The next day I went to work. I was working part time at a jewelry store.

I remember quite clearly standing behind the jewelry counter and there was one or two ladies next to me who were working with me, and I don’t know what triggered it but suddenly I burst out crying.

The manager immediately came over to me and called me upstairs.

I remember him so well and so clearly for many reasons:

He was a prim, proper, articulate, classy, stylish, impeccably well-dressed man and perfectionist. He was highly intelligent, well-educated, and well-traveled.

I couldn’t stop crying.

I found it extraordinarily uncomfortable and surreal as he was asking me what was wrong because I was straight and I knew he was gay.

And here I was being faced with the challenge of telling a man whom I did truly respect and admire but whom I also knew to be gay, the fact that I had almost been raped by another man.

And yet there was something about him – his demeanor, his aura, his energy and my intuition that told me I could trust him. And perhaps I just needed to trust someone, and so I told him the story.

I don’t recall all of his words other than thinking now that he was truly sincere, empathetic and compassionate.

I do, though, recall one thing very clearly that he said to me:

It doesn’t matter what your gender or sexuality are, male or female, straight or gay, no one should be attacked or raped.

I found extreme comfort in that, and he related to me stories of his travels in the Middle East of men being gang raped by other men.

I truly remain grateful for his consolation and his wisdom.

I decided to not think too much about this story and incident, and I don’t believe I’ve ever told anyone else this story.

What amazes me is probably my own self-denial of this incident. Given that I work so often with and have helped endless clients who have experienced similar or even worse situations than mine and working with them I realized how they were negatively and deeply impacted and affected by these incidents.

People who have been attacked, assaulted or raped lose trust, they shut down, they become closed up, they refuse to be vulnerable, they lose their voice, some have recurring nightmares, most feel dirty and tainted, and the list goes on.

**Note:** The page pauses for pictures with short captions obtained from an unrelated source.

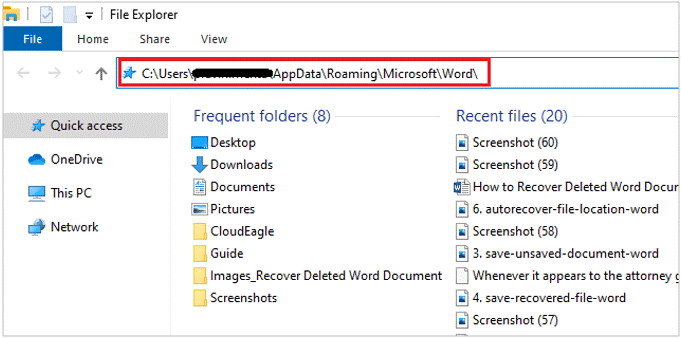 how to find the autorecover word files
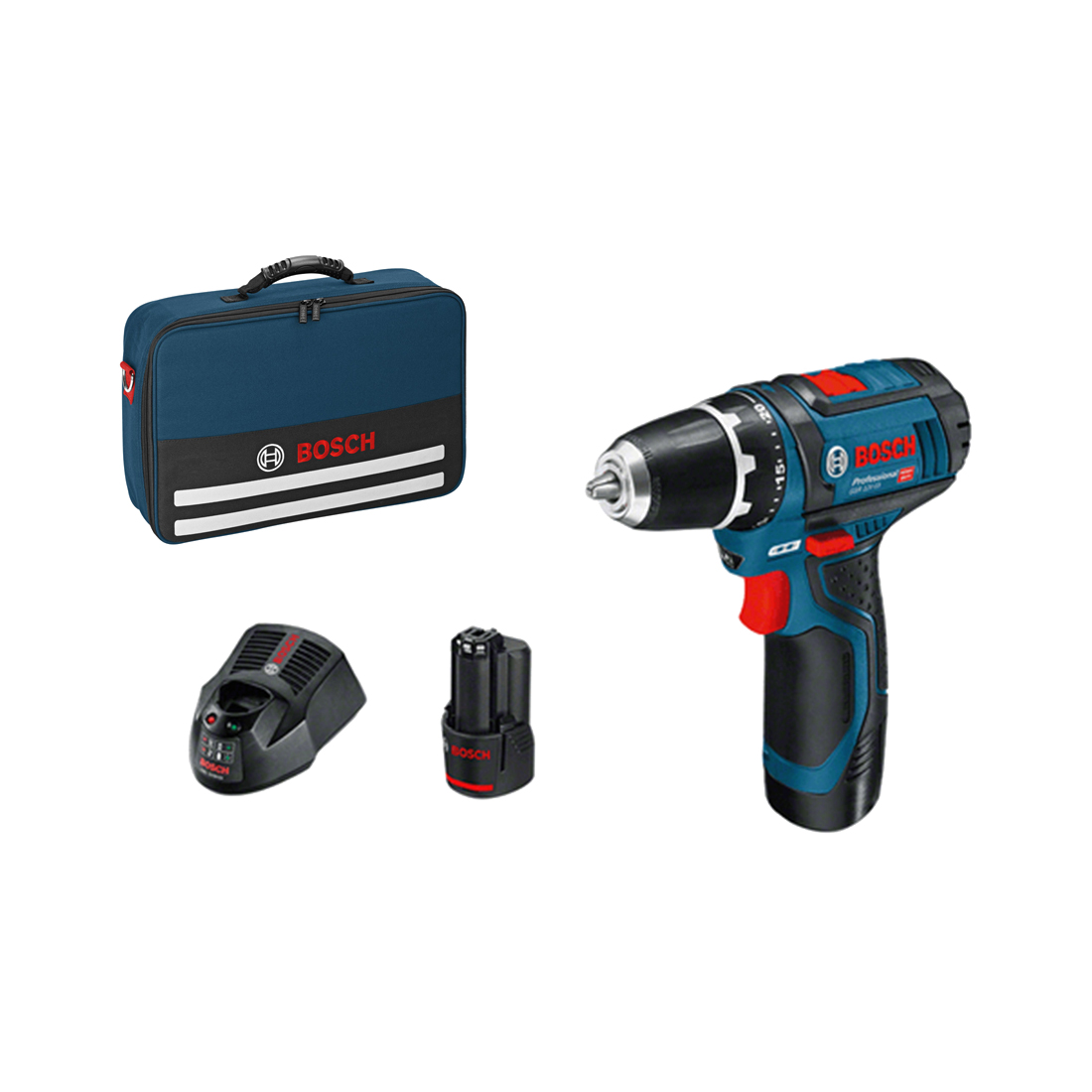 Bosch Akku-Bohrschrauber GSR 12V-15 Professional, 2 x 2.0 Ah, inkl. Tasche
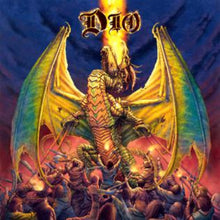 Cargar imagen en el visor de la galería, Album cover art for Dio's Killing The Dragon featuring a colorful illustration of a dragon with wings extended, surrounded by flames and a crowd of people.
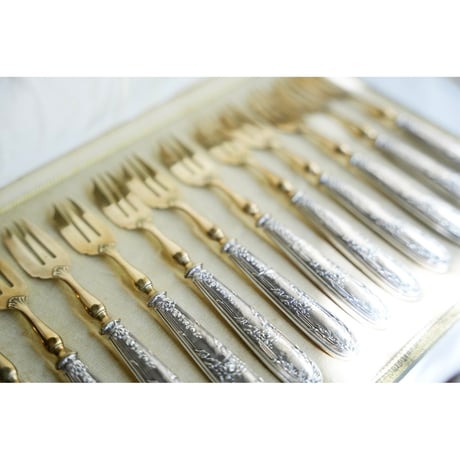 フランスアンティーク デザートフォーク  Stéphane Prud’homme ステファン・プリュドム 12本 Sterling Silver 純銀950 ミネルヴァ プルミエ カトラリー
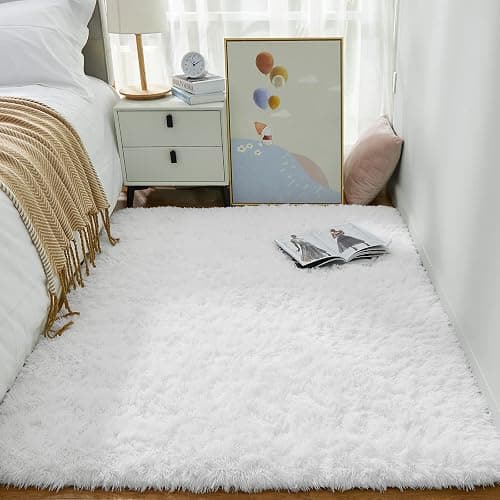 Ophanie White Rugs for Bedroom Fluffy, 4x6 Nursery Soft Fuzzy Shag Plush Shaggy Bedside Area Rug, Living Room Carpet for Girls Kids Baby Teen Dorm Home Decor Aesthetic thumbnail 3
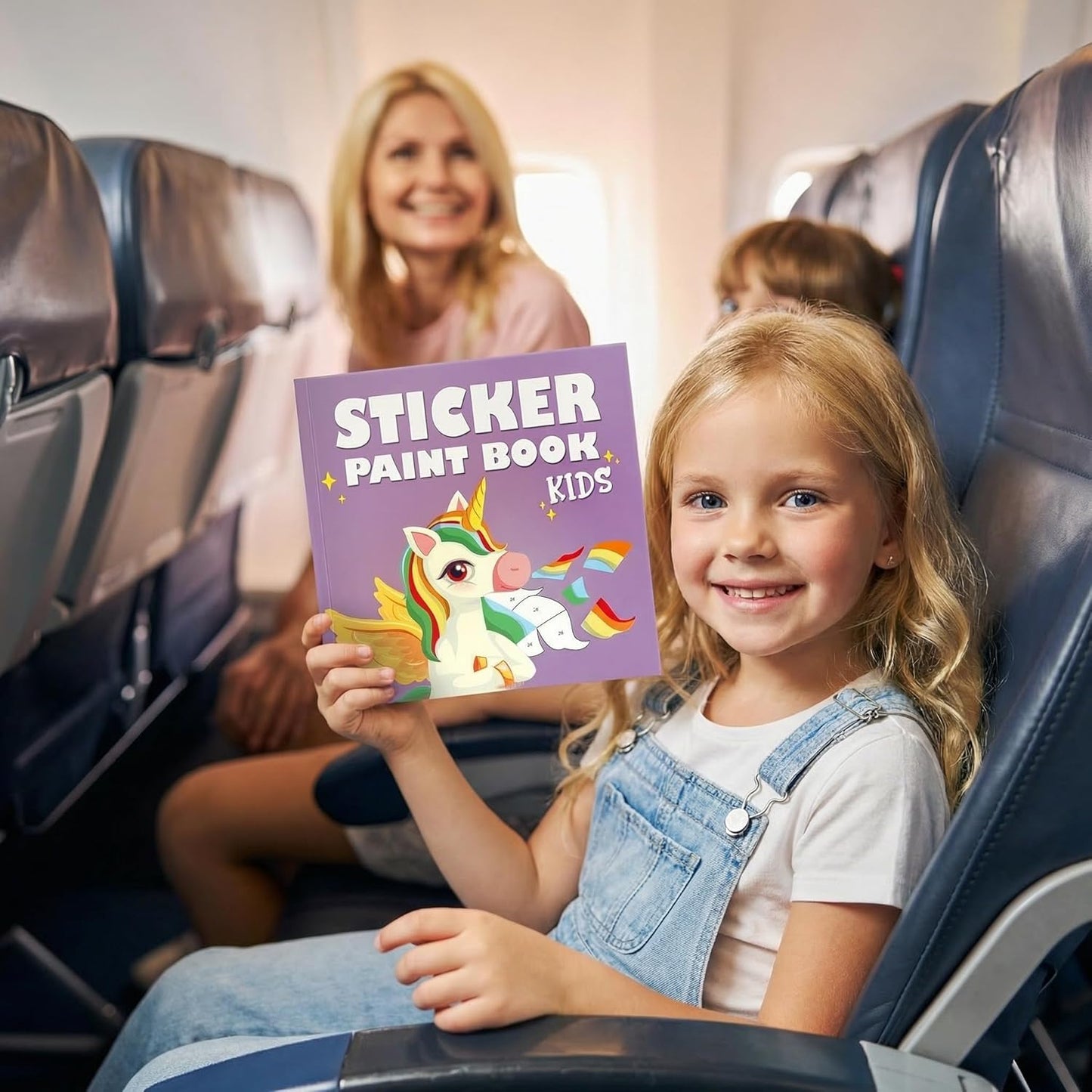 Fun Paint with Sticker Books for Kids Set of 2 - Entertaining Sticker Activity with Vibrant Themes Keeps Kids Ages 4-8 Busy - Perfect Puzzle to Learn Shapes and Numbers at Home or Travelling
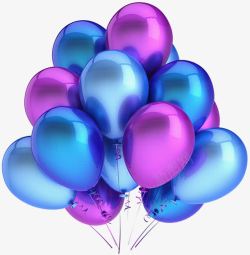 一大捆蓝紫色气球素材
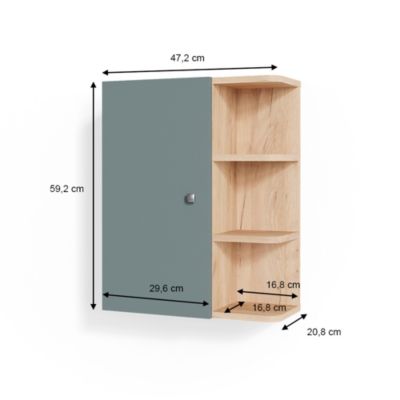 Vicco Armoire murale de salle de bain Vert 47.2x59.2cm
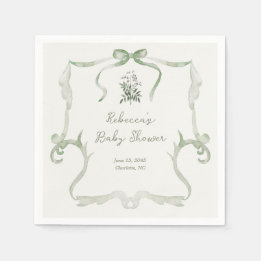 Serviette En Papier Baby Shower Vert Neutral Préparatoire Grandmillenn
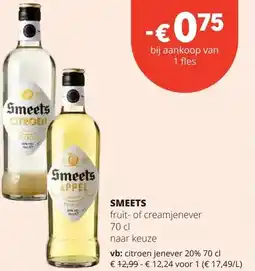 Spar SMEETS fruit- of creamjenever 70 cl aanbieding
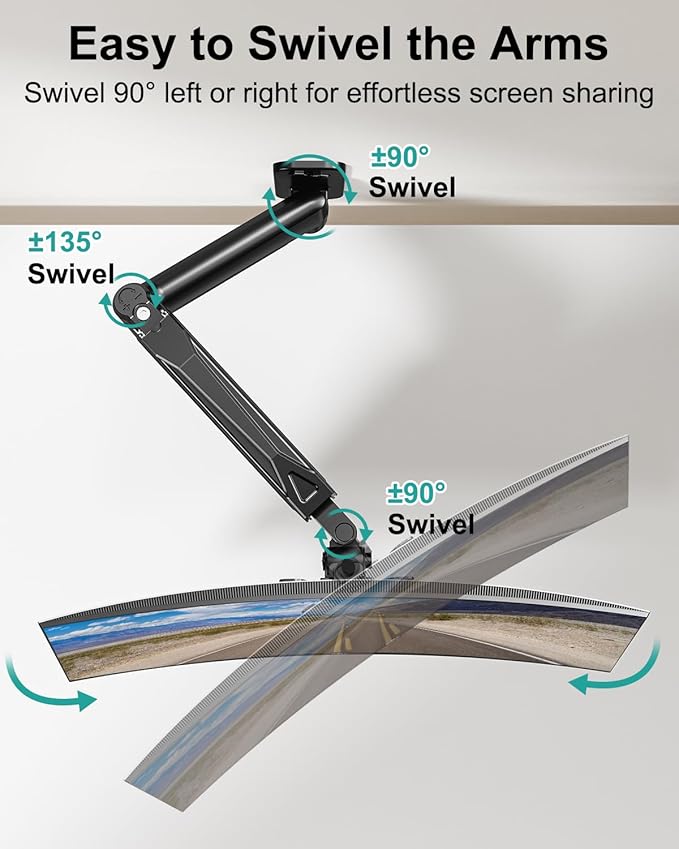 MOUNT PRO Single Monitor Wall Mount for 13 to 32 Inch Computer Screens, Height Adjustable Wall Mount Monitor Arm Holds Up to 19.8lbs, Full Motion Wall Bracket, VESA Mount 75x75, 100x100, Black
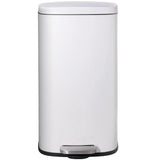 Trash Can, Stainless Steel Kitchen Garbage Can, Step Waste Bin with Hinged Lid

On thinking back now, I guess there was a subconscious part of me that felt that it was my fault because I was hitchhiking after midnight (‘it’s never safe to hitchhike’) and that I was wearing these crazy clothes – tight white jeans, and a fur coat. So in my mind, I was also thinking this is my expression, yet people see this as a sexual invitation. I was just a teenager who was still searching for his own identity, his own form, and his own form of expression.

I cannot fully reveal the pain because I don’t believe I’m fully connected to it. And I wonder now how many people who have experienced sexual harassment, assault or rape are also completely disconnected from it.

As a man, you are taught to be strong, and move forward, and I did. I never, ever thought of myself as a victim. I never asked the question like every other victim of sexual assault or rape does, “Why me?”

However, there is a lot of guilt, and shame, and a sense of dirtiness that come with these experiences. There’s an extraordinary sense of confusion, of cognitive dissonance: how can people be like this? How can anyone do this? How can a married man be driving after midnight looking for a man or teenage boy to attack, assault or rape?

I am the eternal optimist, and I always look for the good in people and perhaps for that reason too I don’t think too much of that incident when I think of the many other sexual harassment incidents or the abuse that I experienced as a child. I never even labeled my experiences in childhood as ‘abuse’ until decades later; I simply believed my dad was ‘strict’, even though, sometimes I couldn’t sit for days from the beatings.

I do, however, realize in this moment the way this incident as well as the other sexual harassment and groping incidents also shaped me to have such deep empathy, understanding and compassion for women who have either had these experiences or are subjected to men who view them as and believe them to be inanimate, lifeless, meaningless objects only designed for their pleasure.

I sincerely hope that by reading my story, one of many, that you might realize there is nothing wrong with you, it was never your fault and you deserve to love and be loved.